Leise klopfte ich an der Tür, wartete einige Sekunden und öffnete sie dann langsam. Mein Blick fiel auf das Bett, worauf Jimin saß und gerade anscheinend sein Mittagessen zu sich nahm. Eigentlich aß er nie so spät, wahrscheinlich hatte er aber nur vorhin keinen Appetit gehabt. "Oh, hallo.", lächelte ich schüchtern, umgriff die Stiele der Rosen fester und trat dann ein. Ich sah -anstatt in Jimin's Augen- zur Fensterbank und seufzte einmal leise aus, als ich diesen übersät mit weißen Rosenblättern auffand. Im Winter scheinen sie schneller zu verwelken als im Sommer, oder ich bildete mir das nur ein.
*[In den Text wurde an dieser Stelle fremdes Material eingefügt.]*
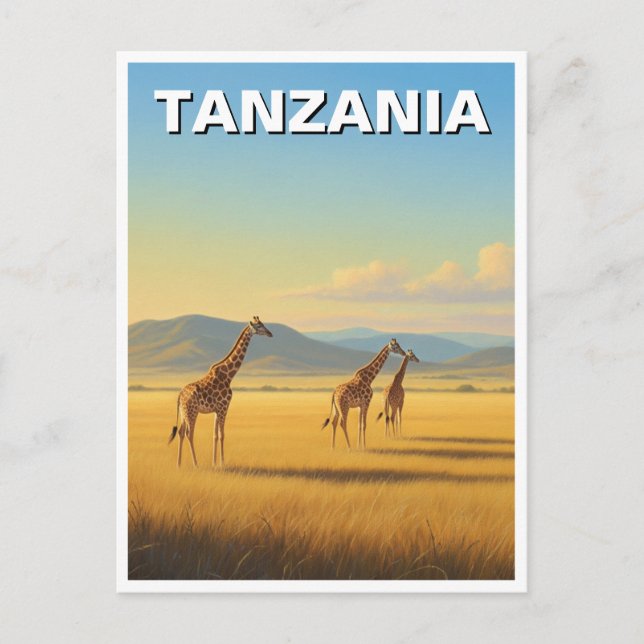 Postal Girafas del parque nacional de Tanzania Serengeti (Anverso)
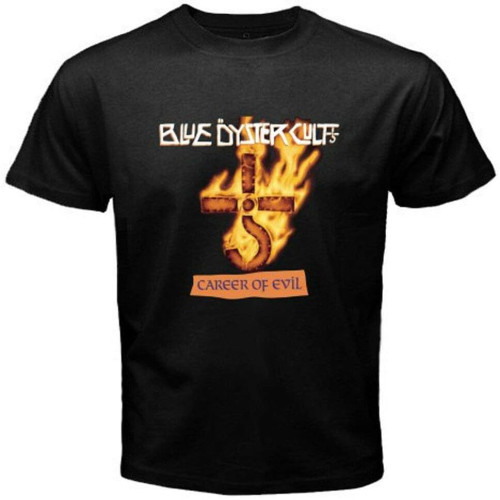 BOC Blue Oyster Cult Career of Evil Men's Black T-Shirt BOC Blue Oyster Cult Career of Evil Men's Black T-Shirt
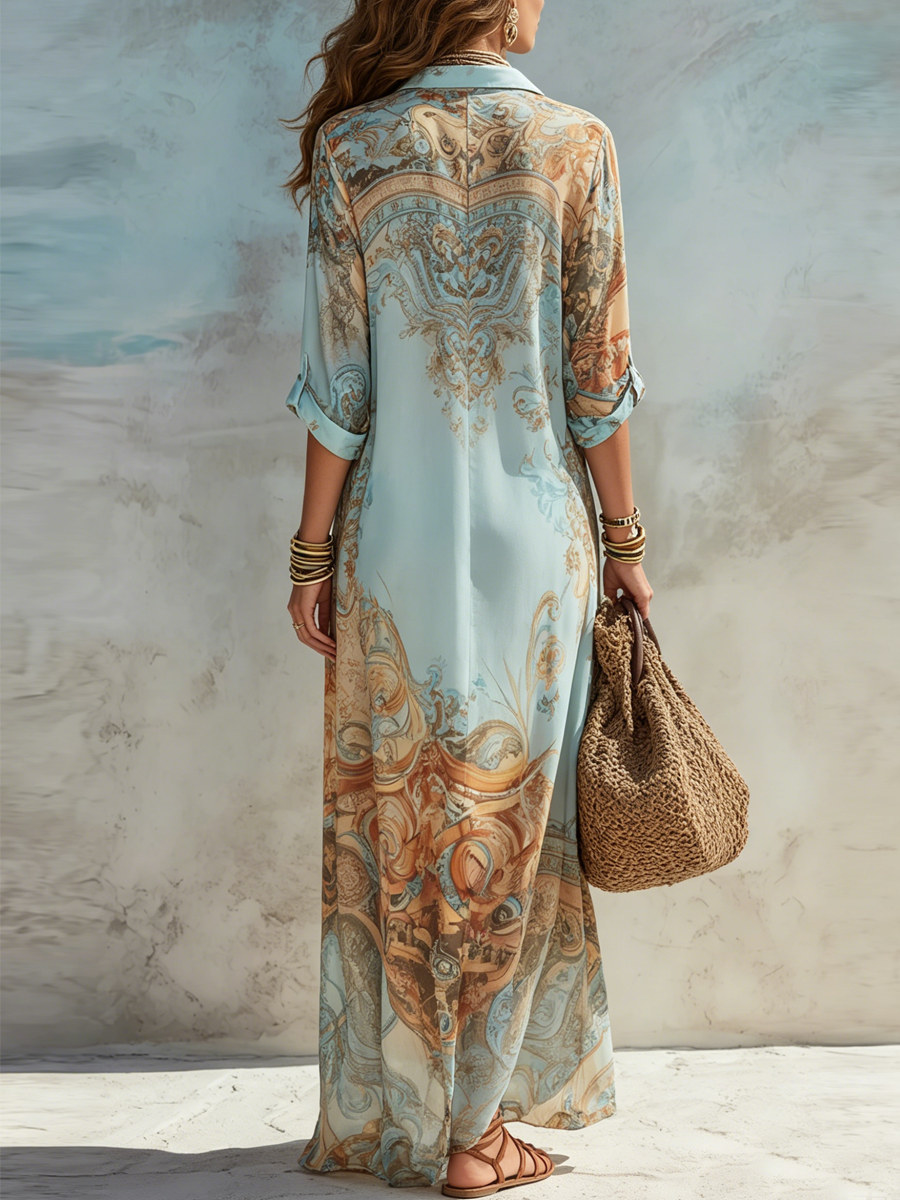 Amorette - Vestido camisero maxi fresco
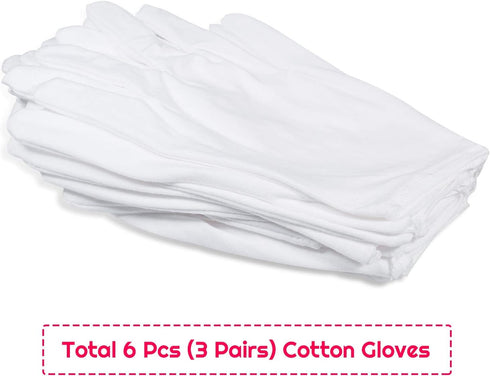 Selizo Cotton Gloves - 3 Pairs White Gloves for Women Men, Eczema Dry Hands Moisturizing, Archival Cleaning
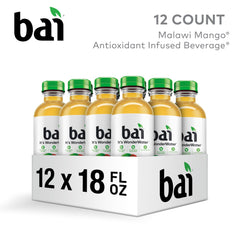 Bai Malawi Mango bottle pour captures refreshing fruit taste in motion.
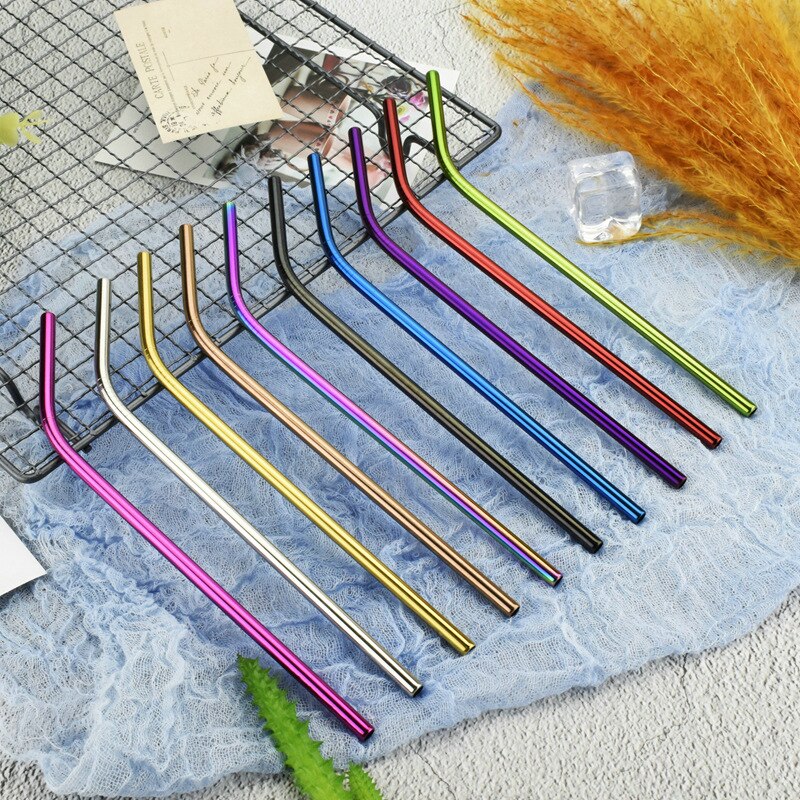 Set van 4/8 herbruikbare metalen rietjes van roestvrij staal, 304 drinkrietjes met milieuvriendelijke roze borstel, rietje voor 20 / 30oz mokken: Drie sets willekeurige
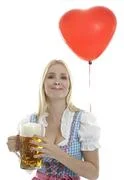 Woman In Dirndl With Balloon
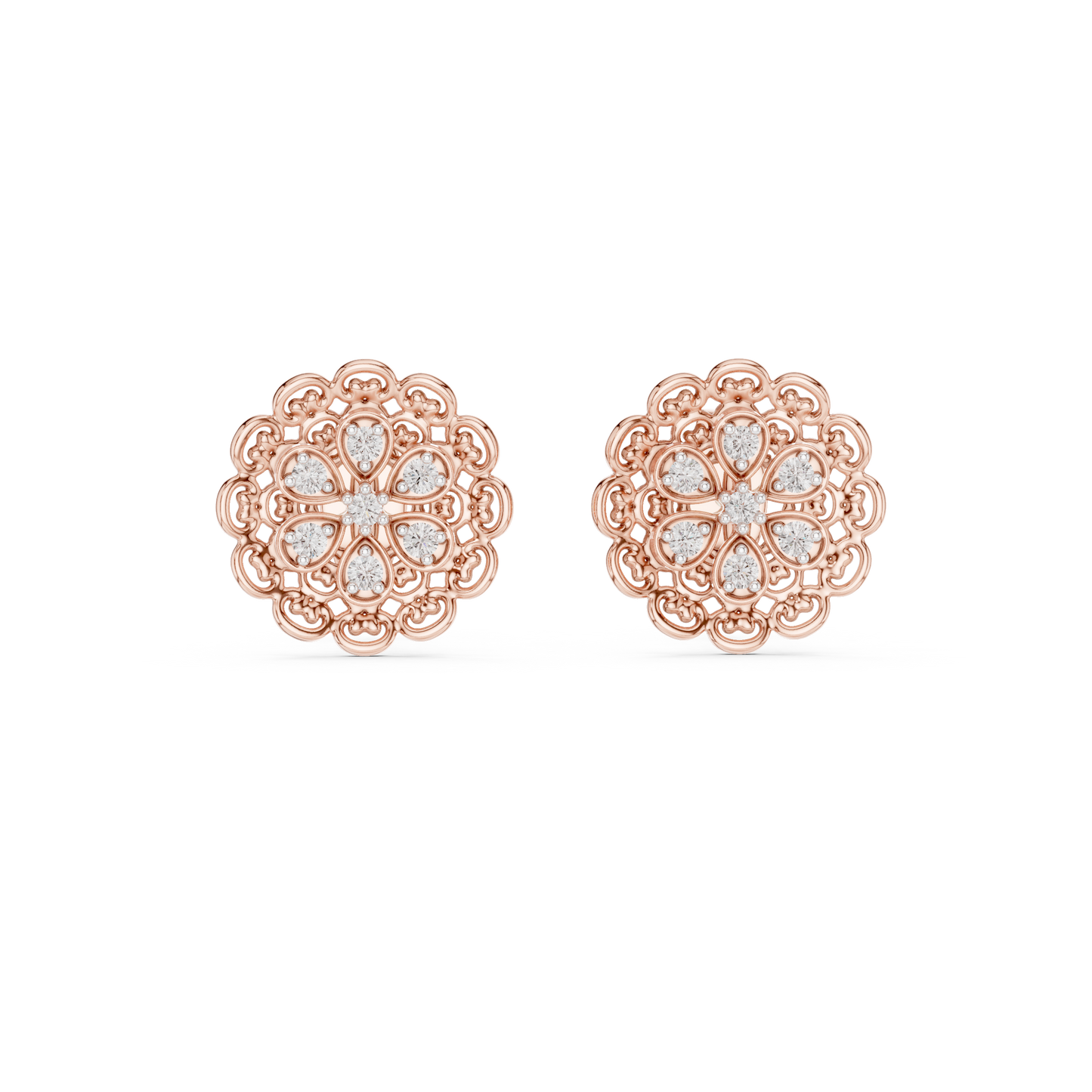 0.13ctw Yellow Gold Filigree Flower Mandala Stud Earrings with Diamond Cluster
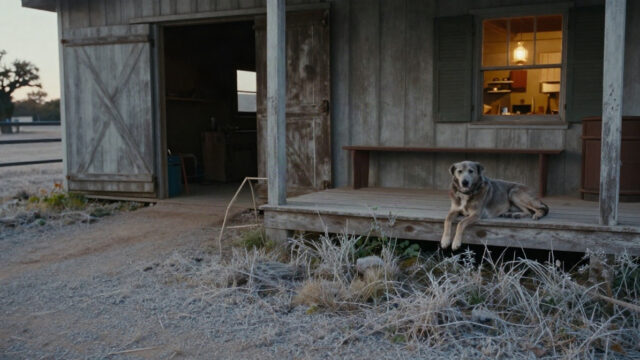 A pale October morning on a Texas ranch: frost silvering the grass and gravel drive, a weathered barn with open doors, a gray-muzzled dog resting on the porch boards, and warm lamp
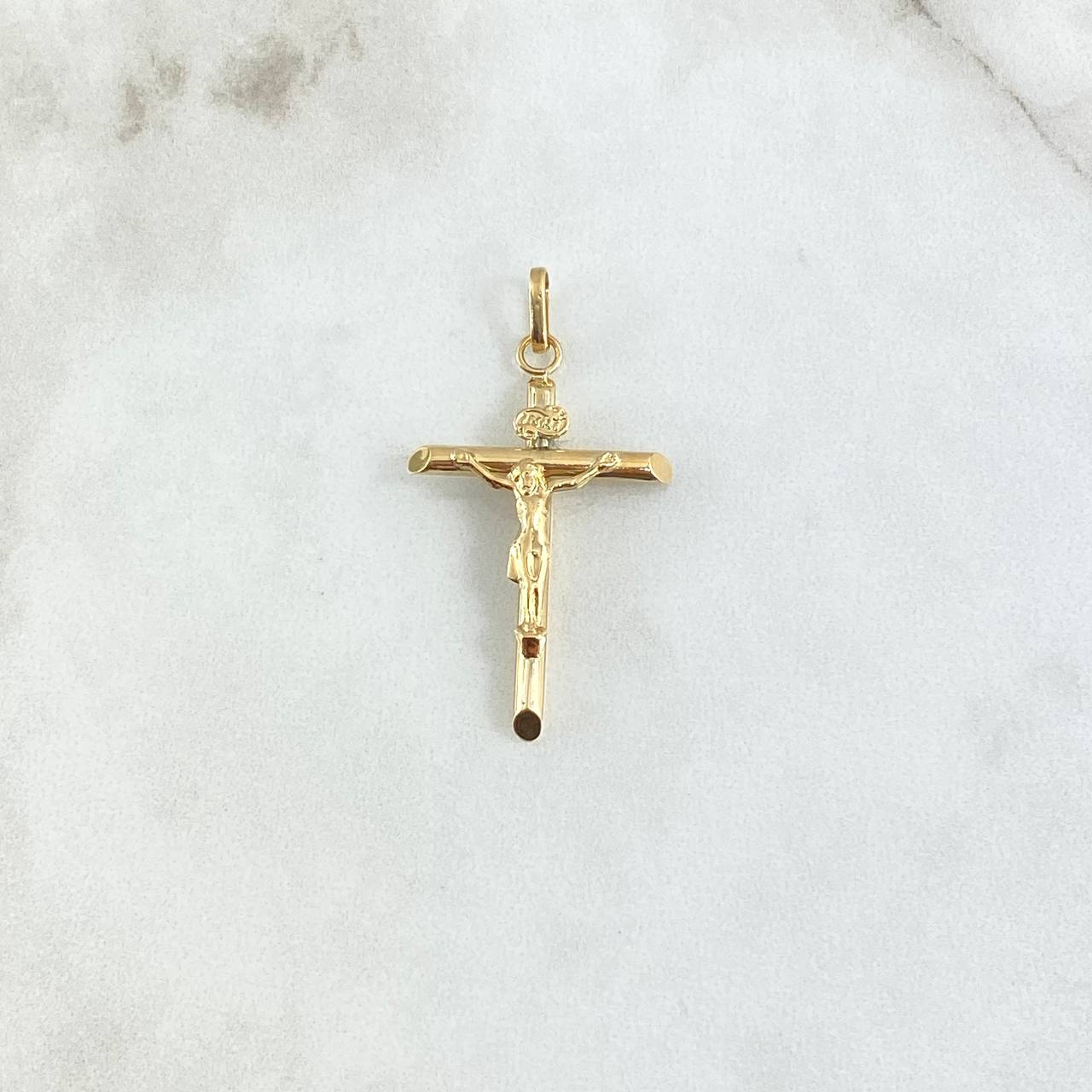 Dije Cruz Cristo Puntas Planas 1.7gr / 4.2cm / Troquelado Oro Amarillo 18K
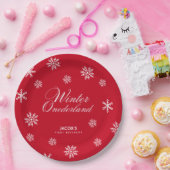 スノーフレークスウィンターオンダーランドボーイファースト誕生日 ペーパープレート (パーティー)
"Ich bin Yoongi, ein Freund von dir." Ein Freund.. Nein, ich war sein Freund. Aber das traute ich mir nicht zu sagen. Ich hatte keine Lust auf Fragen und Diskussionen und Streit, der am Ende dann doch eher einseitig von mir aus kam. Aber das ist ja egal, denn jeder Streit war bei uns schnell vergessen. "Ein Freund von mir?" Meine Unterlippe bebte für einen Moment.

Ich schluckte trocken, nickte etwas und legte meine frischen Rosen auf dem Tisch für die Besucher ab. Ich schnappte mir den Mülleimer und warf alle Rosensträuße weg, genauso wie die Blätter auf der Mamorplatte. Es schien, als seie mit den Rosen auch ein Teil in mir gestorben.

"Doktor Namjoon hat mir heute morgen gesagt, dass ein Yoongi vorbeikommen wollte. Ich glaube, er meinte dann wohl dich damit." Schön, jetzt redete der Herr auch noch über mich. Wie wundervoll.

"Ja, stimmt wohl." Ich schnappte mir alle Vasen, leerte sie im Badezimmer aus und stellte sie erstmal in den Schrank, behielt nur eine von ihnen draußen. In diese stellte ich dann meine frischen Blumen hinein und platzierte sie wieder an den Ort, wo sie hingehörten. "Zeig mal, was isst du denn da?", lächelte ich und zog einen Stuhl an das Bett, setzte mich darauf und linste auf sein halb leeres Tablett.

"Ihh, Brokkoli. Wie langweilig.", lachte ich leise, sah ihn dabei sogar ein wenig lächeln. Seine Ohren wurden rosa und er senkte verlegen seinen Blick. "Das ist auch total blöd. Ich würde lieber etwas anderes essen."

Ja, und ich hätte ihm heute etwas mitbringen können. Und warum habe ich es nicht getan? Weil mir Dinge peinlich sind, die schon in Vergessenheit geraten sind. Da mir mein Verhalten unangenehm ist, auch wenn mich Jimin nicht mehr drauf ansprechen konnte.

Ich war ja so ein schlechter Freund.